At 88, the King of the Blues is still rocking audiences
(CBS News) ATLANTIC CITY, N.J. -- A lot of the news is about our institutions and how they're doing: Wall Street, the military, the presidency. We wanted to check up on another American institution: B.B. King, the King of the Blues. He just turned 88 and we were granted an audience.
He does not walk easily anymore, but on stage on this particular night in Atlantic City, N.J., B.B. King's fingers can still fly.
We asked him if he was still getting better as a guitarist. "I hope I am," King said. "I can't always tell because I still can't play like I want to play."
He's the last of the legendary bluesmen who emerged from the Mississippi Delta.
"It's good for me when I'm feeling bad," he said about blues music. "And good for me when I'm feeling good."
The son of sharecroppers, Riley B. King was born on a cotton plantation outside Berclair, Miss., and started working at age 7. He once said he picked 400 pounds of cotton a day.
King was 22 when he hitchhiked north to play music in Memphis, where he soon picked up the nickname "blues boy" or "B.B." In 1952, his song "Three O'Clock Blues" hit number one on the R&B charts, and B.B. started touring black theaters across the country. He played "342 one-nighters" in 1956, as he now recalled.
Watch B.B. King perform with President Obama at the White House from 2012:
But King wouldn't play to a white audience until 1967, when rock promoter Bill Graham invited him to the Fillmore West in San Francisco.
"And that was the beginning of B.B. King in rock and roll," said the bluesman. "Not playing rock and roll, but in rock and roll. And I've been doing it ever since."
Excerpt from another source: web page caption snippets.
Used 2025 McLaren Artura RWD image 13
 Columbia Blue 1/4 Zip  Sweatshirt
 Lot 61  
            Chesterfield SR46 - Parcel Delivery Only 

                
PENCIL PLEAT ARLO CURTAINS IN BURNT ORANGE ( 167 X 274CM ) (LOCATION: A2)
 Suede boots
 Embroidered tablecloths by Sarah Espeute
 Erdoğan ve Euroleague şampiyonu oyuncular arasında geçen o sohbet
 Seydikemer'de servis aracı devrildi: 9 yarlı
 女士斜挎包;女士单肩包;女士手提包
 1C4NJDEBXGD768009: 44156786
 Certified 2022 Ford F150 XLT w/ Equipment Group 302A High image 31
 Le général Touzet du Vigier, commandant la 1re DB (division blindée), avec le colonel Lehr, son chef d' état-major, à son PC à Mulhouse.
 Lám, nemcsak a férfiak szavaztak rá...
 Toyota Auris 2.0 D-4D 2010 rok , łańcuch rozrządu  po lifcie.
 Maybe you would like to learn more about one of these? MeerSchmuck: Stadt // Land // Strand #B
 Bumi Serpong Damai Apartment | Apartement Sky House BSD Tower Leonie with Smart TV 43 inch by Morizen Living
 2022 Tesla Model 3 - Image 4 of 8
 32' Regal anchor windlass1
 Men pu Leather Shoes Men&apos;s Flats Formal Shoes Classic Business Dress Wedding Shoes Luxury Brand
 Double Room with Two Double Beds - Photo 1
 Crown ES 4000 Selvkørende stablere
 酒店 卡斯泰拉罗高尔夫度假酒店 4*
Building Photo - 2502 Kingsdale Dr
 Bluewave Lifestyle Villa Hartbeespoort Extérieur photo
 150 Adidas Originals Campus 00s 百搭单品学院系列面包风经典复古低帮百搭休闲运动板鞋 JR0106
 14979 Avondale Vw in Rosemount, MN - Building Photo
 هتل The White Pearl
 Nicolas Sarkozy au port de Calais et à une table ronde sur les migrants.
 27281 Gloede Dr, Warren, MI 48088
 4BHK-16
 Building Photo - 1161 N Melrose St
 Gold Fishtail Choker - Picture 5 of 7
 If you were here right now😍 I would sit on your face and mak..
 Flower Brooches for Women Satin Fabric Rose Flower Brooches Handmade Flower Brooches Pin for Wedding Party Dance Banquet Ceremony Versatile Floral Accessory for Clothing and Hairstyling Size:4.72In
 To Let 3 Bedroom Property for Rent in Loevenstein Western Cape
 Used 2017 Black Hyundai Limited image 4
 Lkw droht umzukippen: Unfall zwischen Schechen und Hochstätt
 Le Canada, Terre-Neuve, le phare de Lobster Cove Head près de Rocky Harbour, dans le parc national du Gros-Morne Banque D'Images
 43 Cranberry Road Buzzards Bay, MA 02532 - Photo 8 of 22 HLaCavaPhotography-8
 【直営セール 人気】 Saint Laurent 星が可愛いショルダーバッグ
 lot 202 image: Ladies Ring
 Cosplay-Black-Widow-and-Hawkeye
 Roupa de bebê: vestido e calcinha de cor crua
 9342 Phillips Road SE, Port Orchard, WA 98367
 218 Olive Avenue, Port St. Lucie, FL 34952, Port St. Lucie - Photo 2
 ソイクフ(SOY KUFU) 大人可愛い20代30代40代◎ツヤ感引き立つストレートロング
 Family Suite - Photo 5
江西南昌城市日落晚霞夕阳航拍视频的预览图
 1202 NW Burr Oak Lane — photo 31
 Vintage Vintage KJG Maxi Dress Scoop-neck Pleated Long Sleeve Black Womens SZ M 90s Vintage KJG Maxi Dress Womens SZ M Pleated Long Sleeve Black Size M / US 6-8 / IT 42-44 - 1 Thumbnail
He influenced Jimi Hendrix, opened for the Rolling Stones, and has played with Eric Clapton and U2.
Rolling Stone magazine once ranked him the number three guitar player of all time. "I don't believe that," King said when told about that. "But I'm not going to tell them" (laughs).
The King of the Blues is still king of the road, playing 125 dates a year, including one at the White House last year where he performed his biggest hit "The Thrill Is Gone."
As for whether he can keep this pace up, King said, "I don't know. I've been doing it. (laughs) I wonder sometimes."
Is retirement in his vocabulary? "Never heard of it," he answered.
It's simple, B.B. King said. "If I stop, I don't get paid."